EL CONFLICTO ENTRE EL ESPÍRITU Y LA CARNE

                                                            LOS HIJOS DE SARA Y AGAR
 
En Gálatas 4:21-31, Pablo habla de los hijos de Sara y Agar alegóricamente. Las palabras que juntamente se relacionan y que caracterizan al hijo de la esclava son la ley, la esclavitud, el pecado y la carne. Pablo dijo que estas características corresponden a la Jerusalén actual (vr.25), y por medio de esta conclusión, podemos ver otra vez la relación que tiene la religión con el mundo. Esta es externa y visible, muy diferente del Reino que viene sin que podamos observarlo, porque está dentro de nosotros: “El reino de Dios no vendrá con advertencia (mejor traducido: observación porque la definición griega de la palabra es: evidencia ocular)… porque he aquí el reino de Dios está entre vosotros (o dentro de vosotros. La palabra griega es usada solamente dos veces en el Nuevo Testamento. La otra está en Mateo 23:26: `Limpia primero lo de dentro del plato´)” (Lc.17:20-21). El Reino de Dios es espiritual; es un reino del corazón, que tiene que ver con la gracia, una promesa, y la obra del Espíritu Santo.

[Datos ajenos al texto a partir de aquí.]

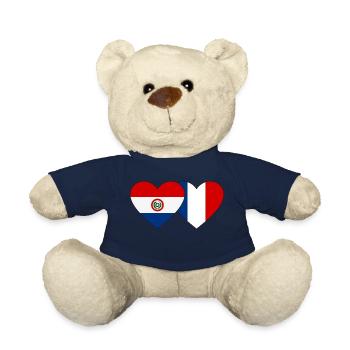 Paraguay France Drapeau du Cœur - Nounours - bleu marine - Devant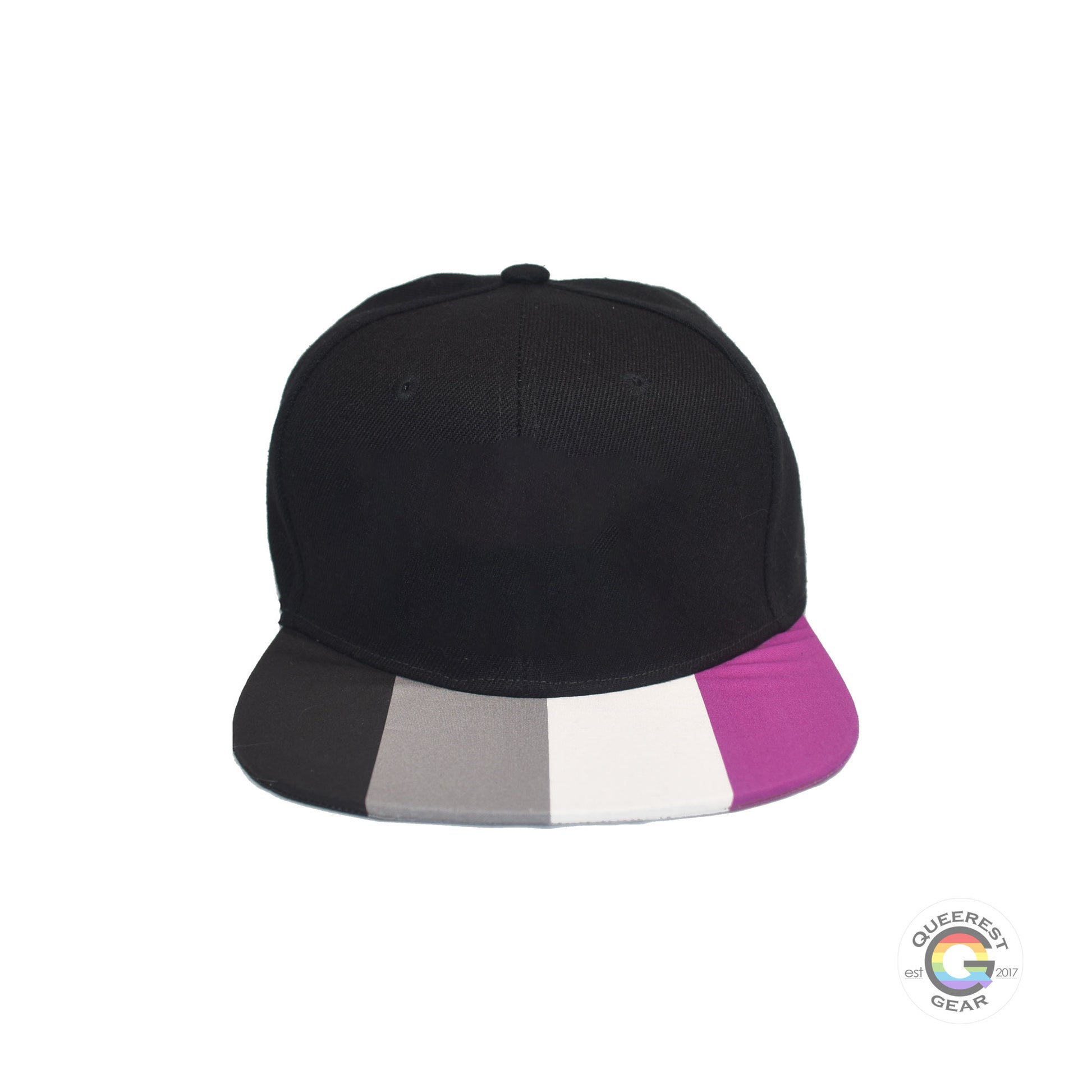 Black flat bill snapback hat. The brim has the asexual pride flag on both sides. Front view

Ismael tenía raíces carnales y sólo podía dar fruto según estas raíces (como vimos acerca del rey Saúl). Su nacimiento fue un proyecto de la carne, según un plan humano, y en esclavitud. Abraham y Sara concibieron este plan, intentando cumplir, con posibilidades humanas, la promesa que sólo Dios podía llevar a cabo. Como su madre era una esclava, Ismael nació en la esclavitud. Como fue concebido según las posibilidades humanas, él fue carnal. Y como nació según un plan designado por seres humanos, contrario a la promesa de Dios, Ismael nació en pecado.


La naturaleza de tal persona es contraria a los planes de Dios, y solamente se sujeta a las normas que piensa que tiene que cumplir, aunque no quiera hacerlo. Es un intento de agradar a Dios a través de medios humanos. En una palabra, es un religioso.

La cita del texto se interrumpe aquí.